BUG: dropna affects observed in DataFrame.groupby() since v1.5 · Issue #48645 · pandas-dev/pandas (original) (raw)

With pandas 1.5

from pandas import DataFrame, Categorical

df = DataFrame({"x": Categorical([1, 2], categories=[1, 2, 3]), "y": [3, 4]})

df.groupby("x", observed=False).grouper.result_index

CategoricalIndex([1, 2, 3], categories=[1, 2, 3], ordered=False, dtype='category', name='x')

df.groupby("x", observed=False, dropna=False).grouper.result_index

CategoricalIndex([1, 2], categories=[1, 2, 3], ordered=False, dtype='category', name='x')

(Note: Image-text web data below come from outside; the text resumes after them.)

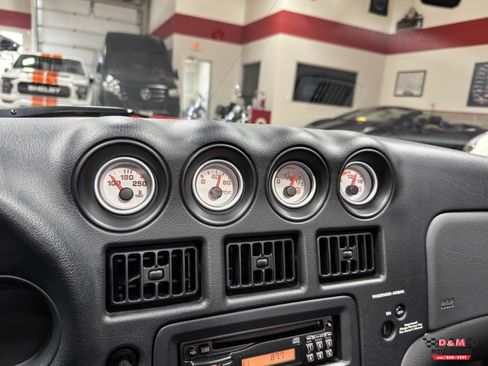 Used 2000 Dodge Viper RT/10 image 18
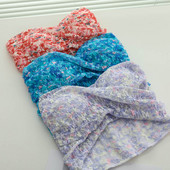 Sieviešu moderns krūtis ar ziedu rakstu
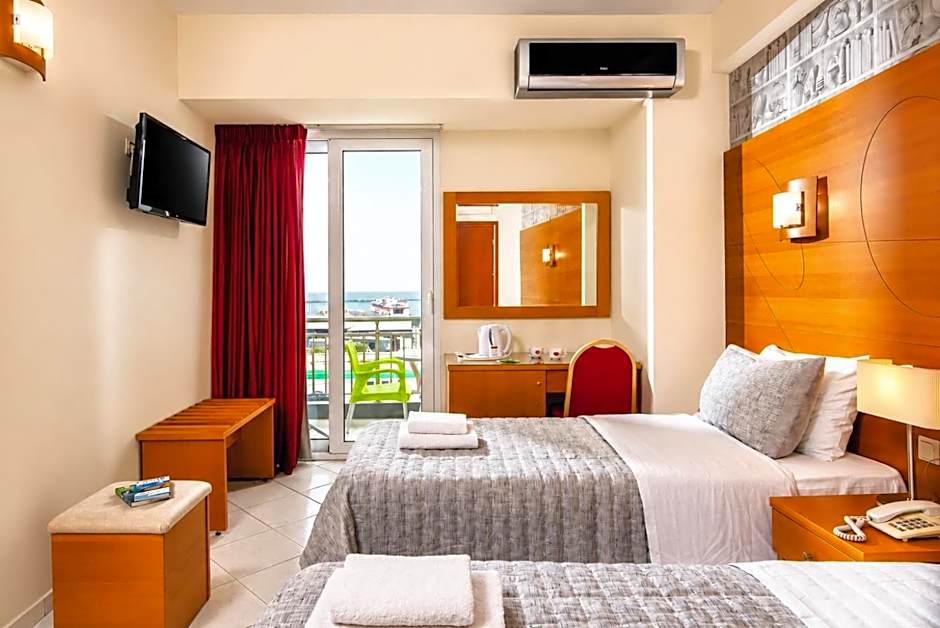 City Life Port Hotel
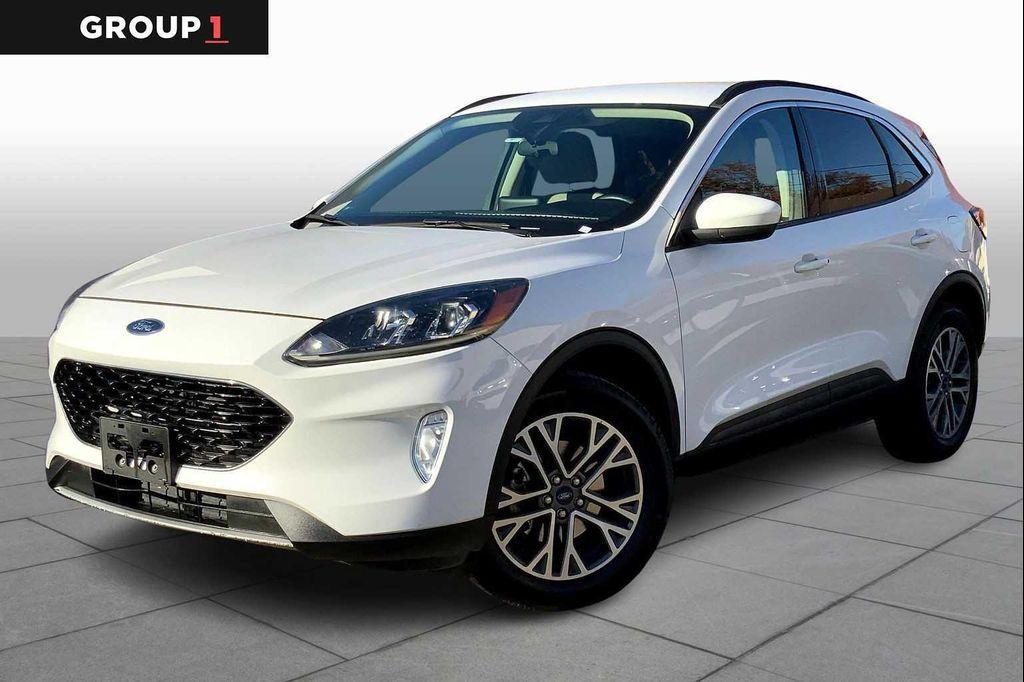 used 2020 Ford Escape car, priced at $11,999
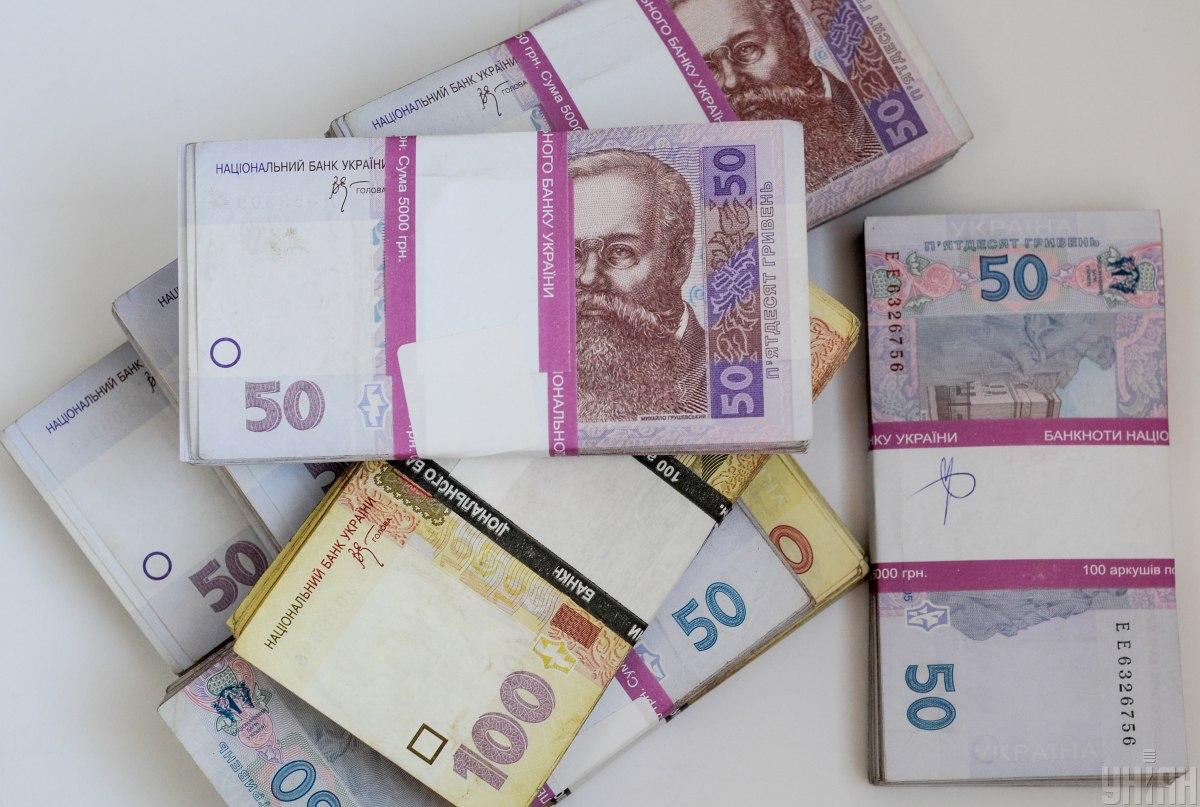 Зарплати в “конвертах” та інші тіньові схеми: названо суму удару по Україні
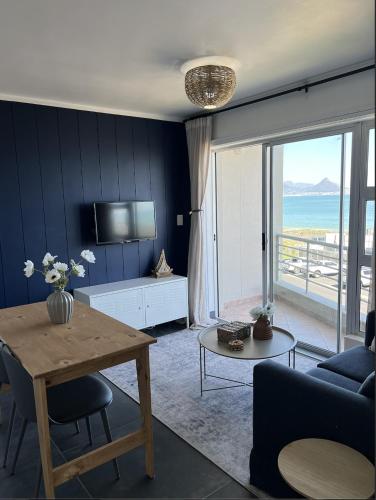 Blouberg Beachfront Apartment The Bay Apartments — 4-Star Luxury Hotel in Cape Town, South Africa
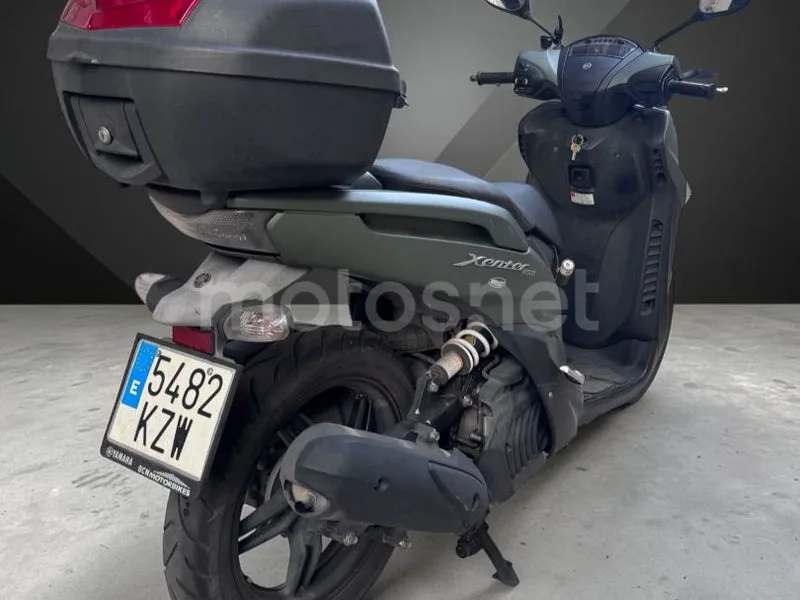 Yamaha Xenter 125 - Vista 7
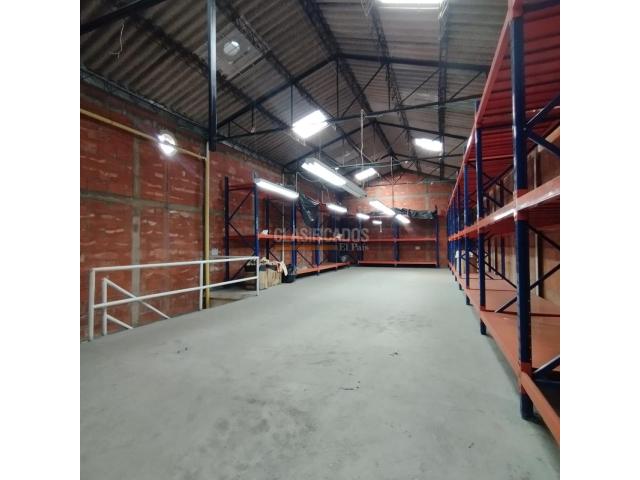 Locales y Bodegas, Alquiler en Alameda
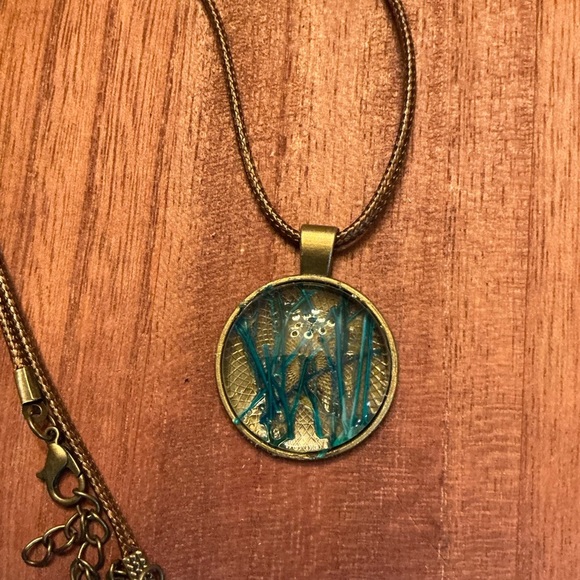 Handmade Necklace with dried flowers - Picture 2 of 2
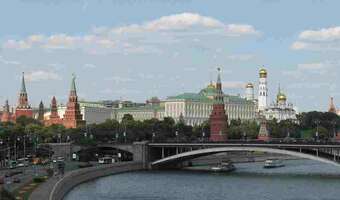Kreml pręży muskuły przed wyborami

------------------------------------------------------------------------------------------

Unexpected result ↑

df.groupby("x", observed=False, dropna=True).grouper.result_index

CategoricalIndex([1, 2, 3], categories=[1, 2, 3], ordered=False, dtype='category', name='x')

With pandas 1.4.4 and prior

df.groupby("x", observed=False).grouper.result_index

CategoricalIndex([1, 2, 3], categories=[1, 2, 3], ordered=False, dtype='category', name='x')

df.groupby("x", observed=False, dropna=False).grouper.result_index

CategoricalIndex([1, 2, 3], categories=[1, 2, 3], ordered=False, dtype='category', name='x')

df.groupby("x", observed=False, dropna=True).grouper.result_index

CategoricalIndex([1, 2, 3], categories=[1, 2, 3], ordered=False, dtype='category', name='x')

dropna=False in DataFrame.groupby() should not affect the results when observed=False.

Expected the behavior with pandas 1.4.4 and prior.